● What is being asked:
After locating the line with "m*r様 JENNE 総刺繍コットンマーメイドワンピース" in the entries below, set down exactly that line and each one after it to the end, skipping pictures.

Records for this task section start

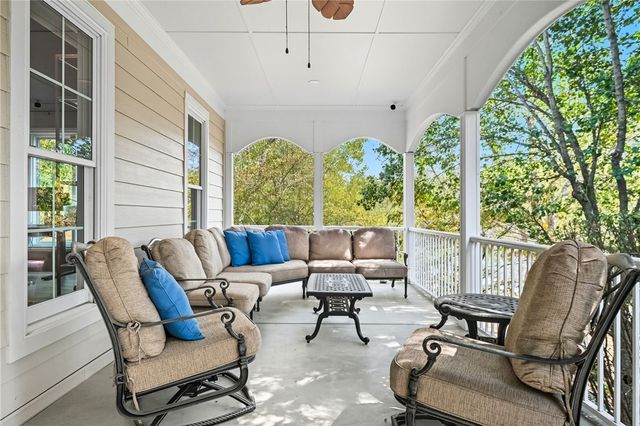 5056 Bear Run Rd, Cranberry Twp, PA 16066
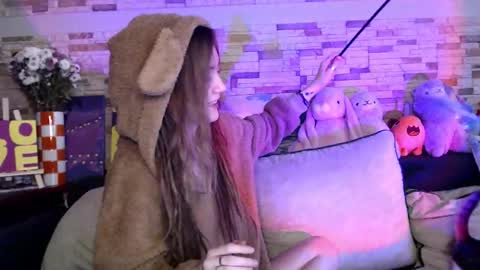 Dalia  online show from 10.24.25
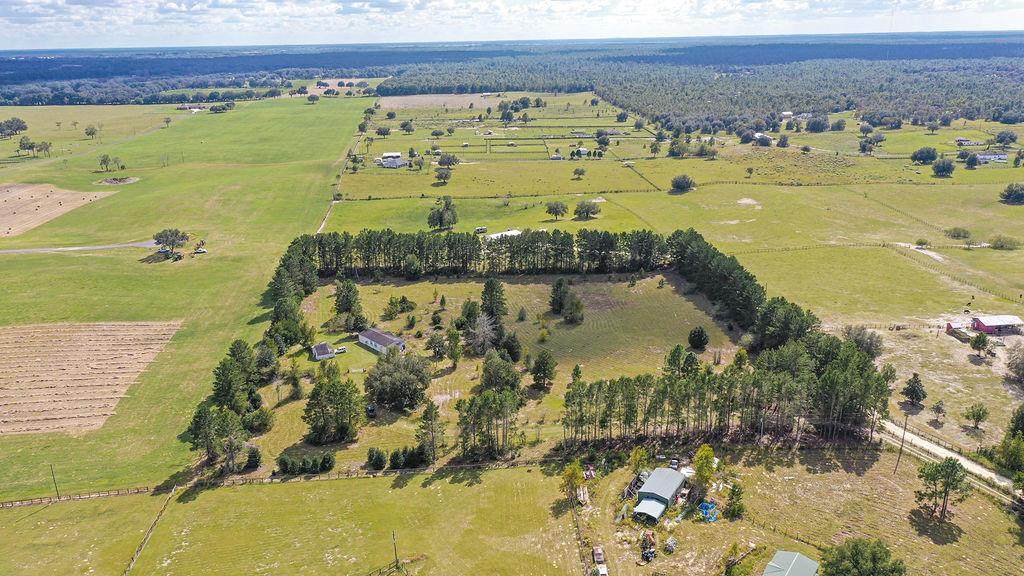 2065 165th Ct Rd - Photo 1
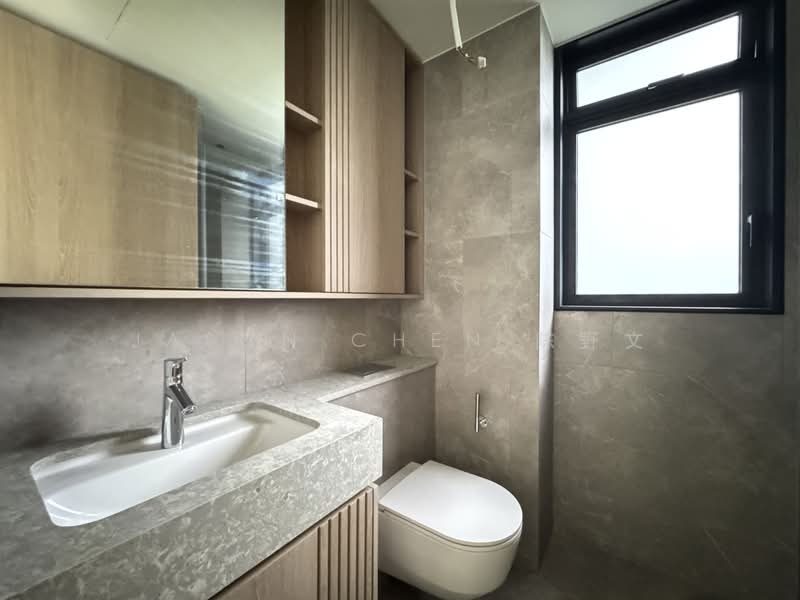 KI Residences At Brookvale, 2 Brookvale Drive, 3 Bedrooms, 980 sqft, Condominium For Rent, by Jason Chen 陈野文, 500200586 - Common Bathroom - PropertyGuru.com.sg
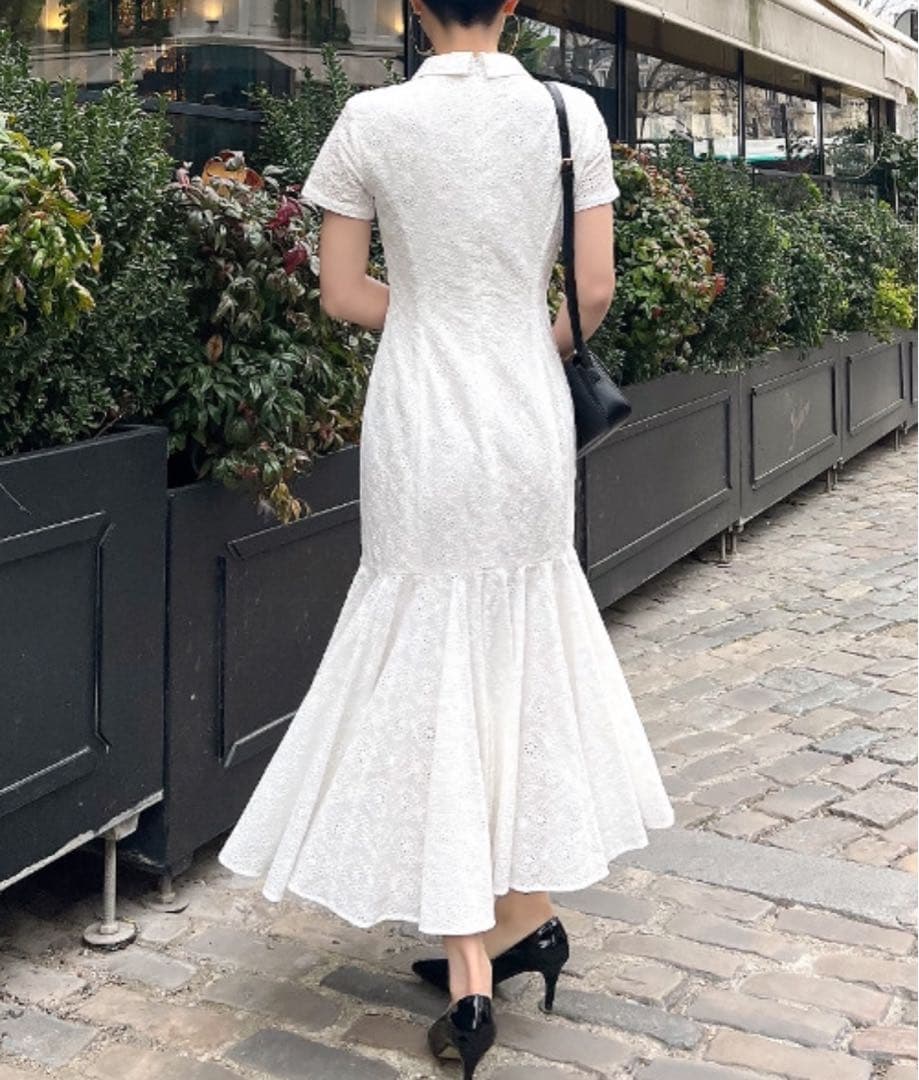 m*r様 JENNE 総刺繍コットンマーメイドワンピース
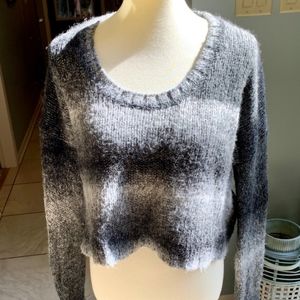 Ecote color block ombre crop sweater M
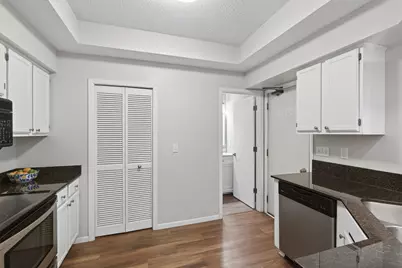 18124 Settlers Way, Eden Prairie, MN 55347 - Photo 11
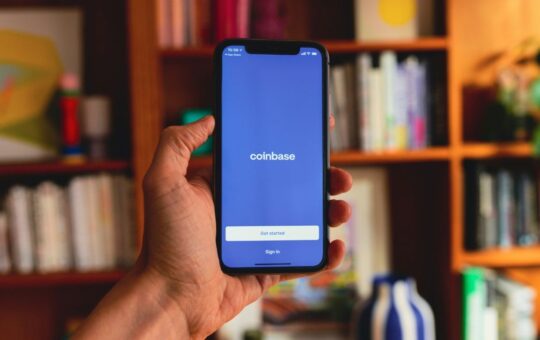 Coinbase seamlessly integrates Apple Pay with Fiat to Crypto transactions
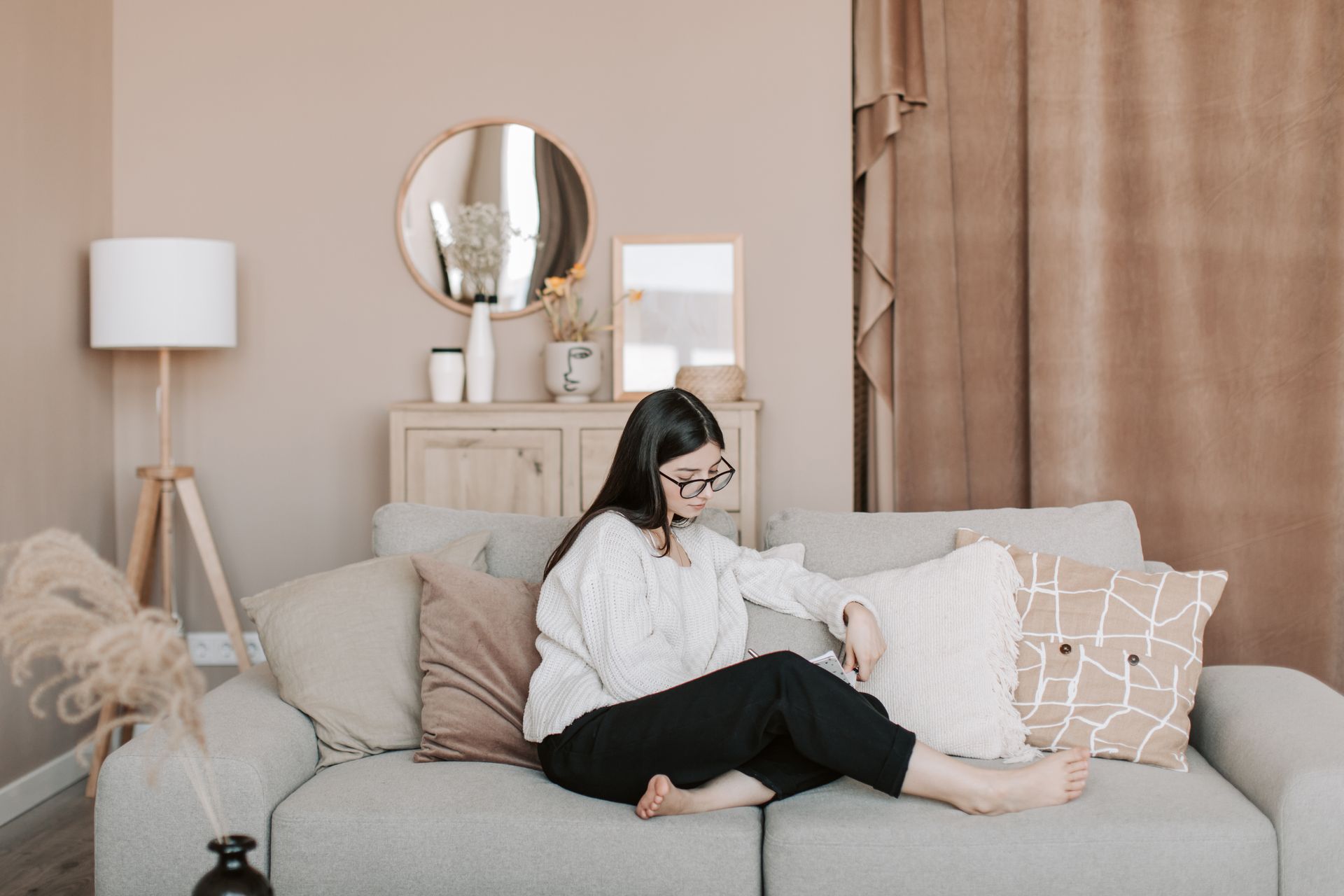Rumah yang nyaman membawa kesehatan mental. Sumber: Vlada Karpovich via Pexels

Records for this task section end

● Reply to the exercise:
 m*r様 JENNE 総刺繍コットンマーメイドワンピース
 Ecote color block ombre crop sweater M
 18124 Settlers Way, Eden Prairie, MN 55347 - Photo 11
 Coinbase seamlessly integrates Apple Pay with Fiat to Crypto transactions
Rumah yang nyaman membawa kesehatan mental. Sumber: Vlada Karpovich via Pexels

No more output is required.